Nous voulions aller voir un marché de Noël. Ce fut le prétexte d’un déjeuner au château des Crayères à Reims. L’amuse-bouche est multiforme, avec notamment des cromesquis d’escargot et une tarte fine aux herbes délicieuses. Le champagne me plait tant que je demande s’il y des huîtres. On nous apportera des petites préparations au homard et à la truffe. Détail amusant, je vois les petites assiettes arriver et un jeune serveur les apporte à une table à coté de la nôtre. Je ne sais pas si les heureux bénéficiaires de ce cadeau s’en sont rendu compte. La direction réagit quasi instantanément et répara son erreur élégamment.
Le menu : noix de Saint-Jacques au caviar et endives au jambon de Reims / Opéra de foie gras de canard chaud, chou, châtaignes, sauce mousseuse / variations de légumes d’hiver cuits et crus / blanc de bar à plat, tourteaux et cresson, bouillon légèrement épicé et moutardé / pigeon en cocotte de fonte, betteraves, comté, jus aux abats / gourmandises sucrées, petits fours frais / cafés divers et fins chocolats.
Il est amusant de voir ce chef explorer deux types de cuisines. L’un est un étalage de goûts, sans véritable synthèse. Car l’endive n’apporte pas grand-chose à la noix de Saint-Jacques. On vérifiera à ce sujet que le vin n’est pas le souci premier du chef.
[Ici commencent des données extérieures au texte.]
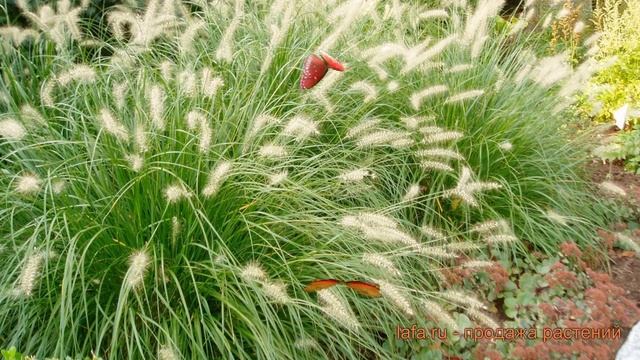 Пеннисетум обыкновенный (pennisetum-lisokhvostnyy) ? обзор: как сажать, саженцы пеннисетумы смотреть онлайн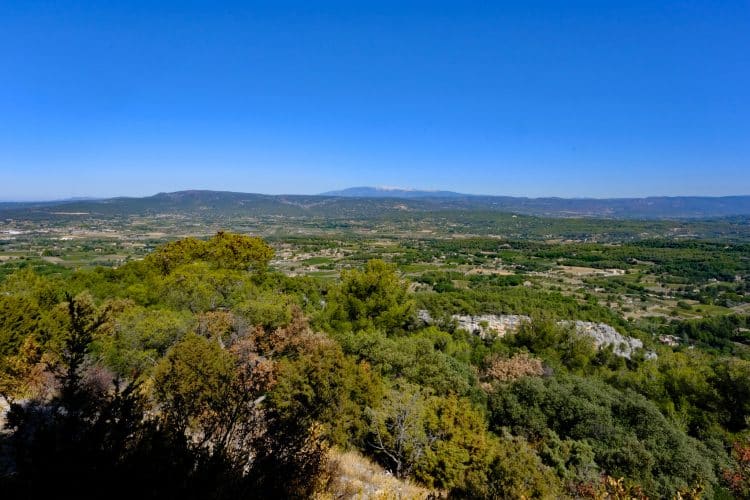 Panorama sur le mont Ventoux (Petit Luberon, Vaucluse)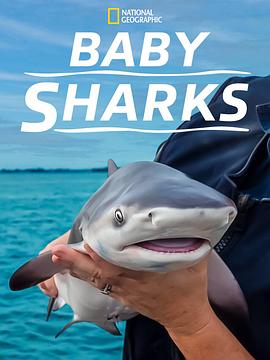 鲨鱼宝宝成长记 Baby Sharks.2022 字幕下载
Il crée. Au vin de se débrouiller. Or le fait d’être en Champagne où le vin a l’échine souple ne peut suffire. De même le gouteux tourteau avec son intelligent bouillon n’apporte pas grand-chose au bar. Quant à la délicieusement fraîche brassée de légumes, c’est un foisonnement de saveurs en patchwork qui chambarde le palais. Le vin va forcément s’y perdre. L’autre type de cuisine est divin, quand il y a un fil conducteur au plat. L’opéra de foie gras est magnifique de cohérence, le pigeon et son jus sont divins. Les desserts sont d’une justesse extrême. Je suis sûr que ce chef va brillamment prendre ses marques dans ce lieu enchanteur.
Quand on est à Reims, on se préoccupe plus du champagne qu’ailleurs. A Paris, on demande un champagne que l’on connaît. A Reims, on explore. Nous commençons l’apéritif avec Le champagne premier cru brut Chardonnay de Pierre Gimonnet & Fils 1998. Quel champagne expressif. Son intensité est extrême. On imagine qu’il accueillerait toutes formes de cuisine. J’avais envie d’huîtres. Les cromesquis d’escargot l’excitent bien, et la crème soutenue qui sous-tendait homard et truffe le met en valeur. J’aurais vu aussi bien des petits anchois crus comme de la choucroute tant ce champagne appelle l’invention.
Nous entrons dans la belle salle à manger aux lambris fort délicats. Dans cette salle, on se sent bien. Philippe, intelligent et compétent sommelier va faire un service impeccable, les températures étant parfaites. Le champagne blanc de noirs Grand Cru de Egly-Ouriet vieilles vignes non millésimé se présente avec un léger rose pêche saumon. Un nez d’un charme et d’une expression éblouissante. Quel raffinement ! Il est sûr que cette couleur fragile influence notre goût. On est sous le charme. Avec le bar, c’est follement agréable.
Arrive sur le pigeon un champagne qui impose le respect. Le champagne Clos des Goisses de Philipponnat 1980, dégorgé début 2005 est prodigieux. Une personnalité qui tient du prodige. Et le combat du champagne avec le jus aux abats est un véritable bonheur. J’avais bu ce champagne lors de ma visite à Philipponnat (bulletin 139). Dégorgé en septembre 2004, il m’avait déjà subjugué. Là, en situation de repas, il est envoûtant. L’ordre des champagnes était le bon. Le chef fait une très belle cuisine qui va certainement encore s’épanouir. Mon jugement est très positif. Cette halte est particulièrement belle.
Quant au marché de Noël, son seul mérite fut d’avoir été le prétexte d’un beau repas.